Israel is currently engaging in a kinetic action in Gaza, the stronghold of the terrorist organization Hamas, to prevent the group from being able to carry out more attacks against people within Israel. The action is a response to the unprecedented massacre of over 1,200 people Hamas executed on October 7. In a terrorist onslaught that Hamas has called the “al-Aqsa flood,” terrorists paraglided into Israel from Gaza and murdered entire families in door-to-door raids, torturing and killing children as young as infants in front of their parents, burning people alive, and committing atrocious acts of gang rape and other sexual crimes. The terrorists stormed a music festival, where they killed about 250 people, reportedly tortured attendees, and opened fire on crowds. About 250 people are believed to remain hostages under Hamas control in Gaza.

No member of the Turkish government has suggested the ICC prosecute Hamas chief Ismail Haniyeh or any of the suspected organizers of the attack for the slaughter. The AKP government has also not suggested similar action against the leaders of Iran, the world’s foremost sponsor of terrorism, which is believed to give Hamas as much as $100 million a year in funding for jihad.

The head of the AKP and president of Turkey, Recep Tayyip Erdogan, is a longtime Hamas ally who has repeatedly defended the group as “not a terrorist organization,” but a legitimate “resistance” operation against Israeli “terrorism.”

Speaking to AKP lawmakers on Wednesday, Erdogan again repeated that Hamas is a legitimate political group.

“We never hesitate to say that Hamas (is made up of) resistance fighters striving to protect their homeland, despite the discomfort it may cause some,” Erdogan asserted, according to Turkey’s state-owned Anadolu news agency.

In contrast, Erdogan declared Israel a “terrorist state” for attacking Hamas targets in Gaza.

In early November, Erdogan announced that his government would no longer maintain communication with Netanyahu, stating that it had “written him off” and suggesting Turkey was considering the full rupture of diplomatic relations with Israel. That rupture has yet to occur, though Erdogan has engaged in consistent noxious pro-Hamas behavior since the October 7 attack.

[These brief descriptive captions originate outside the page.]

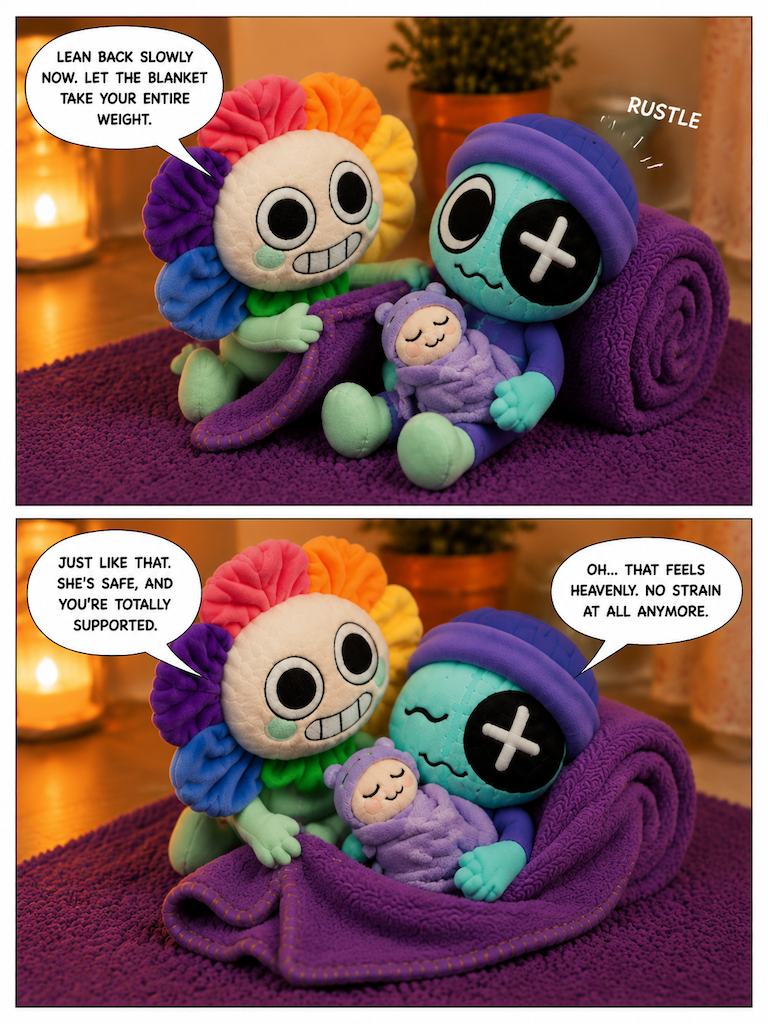 Healing in the Nest (page 3 of 4)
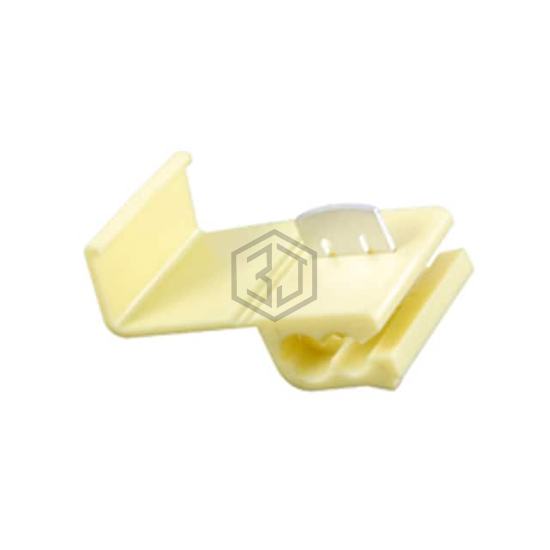 76-QS12 - NTE Electronics, Inc - Terminals - Wire Splice Connectors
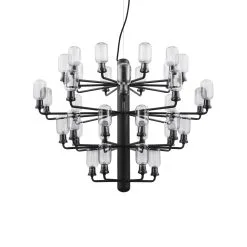 Normann Copenhagen Lustre Amp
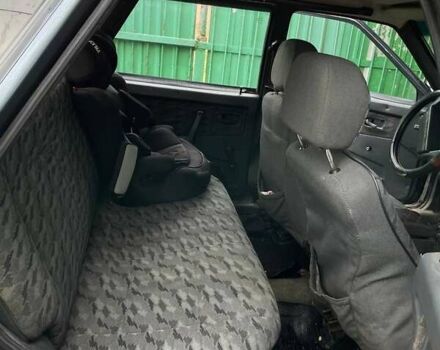 Сірий ВАЗ 21099, об'ємом двигуна 1.5 л та пробігом 466 тис. км за 750 $, фото 10 на Automoto.ua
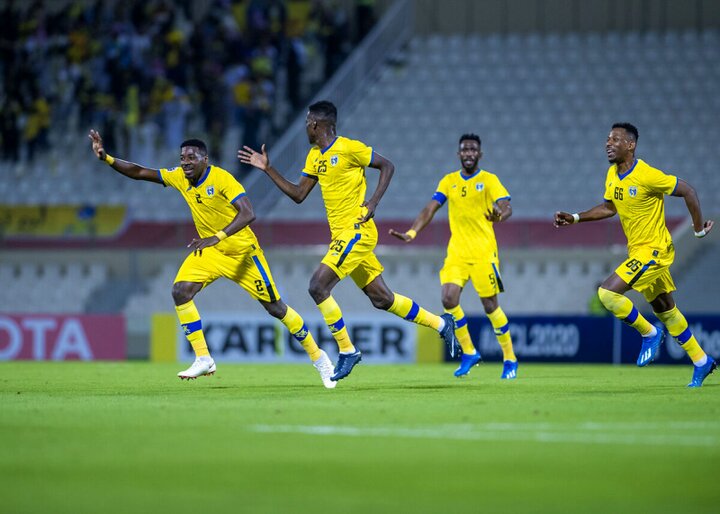 اعلام ترکیب التعاون مقابل تراکتور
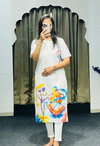 MG 369 Girls Holi Special Festive Wear Kurti Wholesalers In Delhi
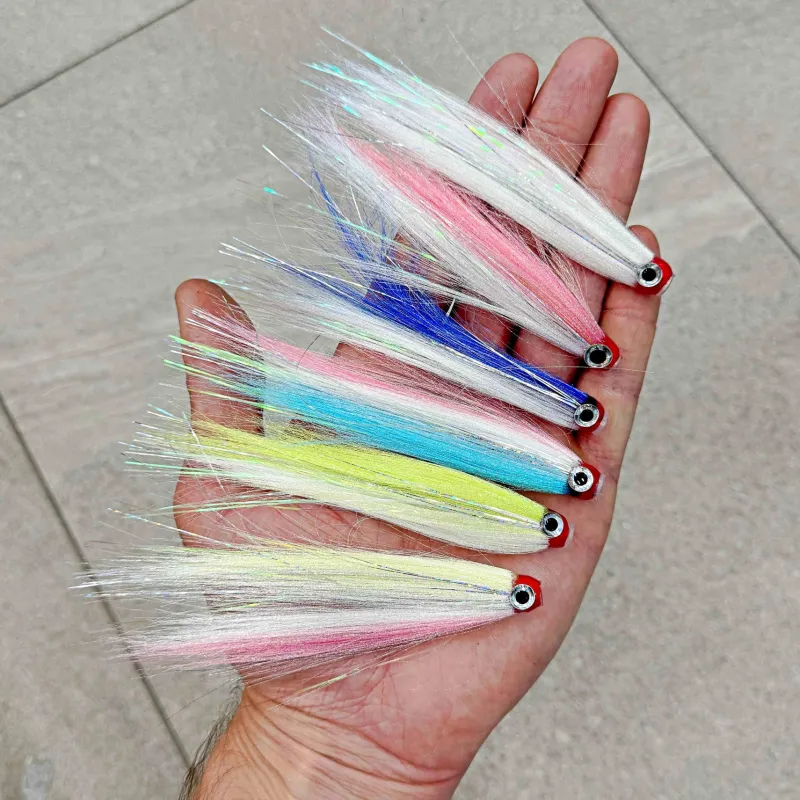 Vexed Lead Head Jig Lures|Flies>Jig Wig Bon Chovy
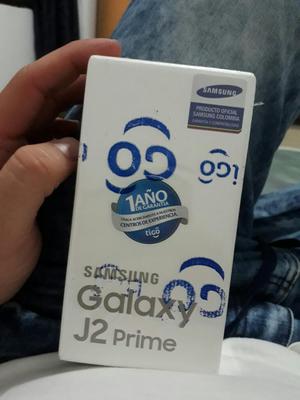 Vendo Un Samsung Galaxy J2 Prime.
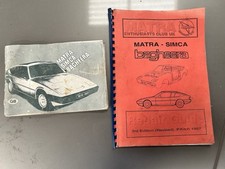 matra simca bagheera for sale  CLEVEDON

In late October, Erdogan organized a rally that he claimed attracted 1.5 million people to Istanbul’s Atatürk Airport, where he again insisted, “Hamas is not a terrorist organization.”

“Certainly, in such a climate of fire and blood, there have been regrettable events,” Turkey’s state Anadolu news agency quoted Erdogan as saying at the time, an apparent reference to October 7. “However, none of these can serve as an excuse for campaigns aimed at discrediting the resistance carried out by the Palestinian people under various names.”

Erdogan again referred to Netanyahu as a “terrorist” on that occasion.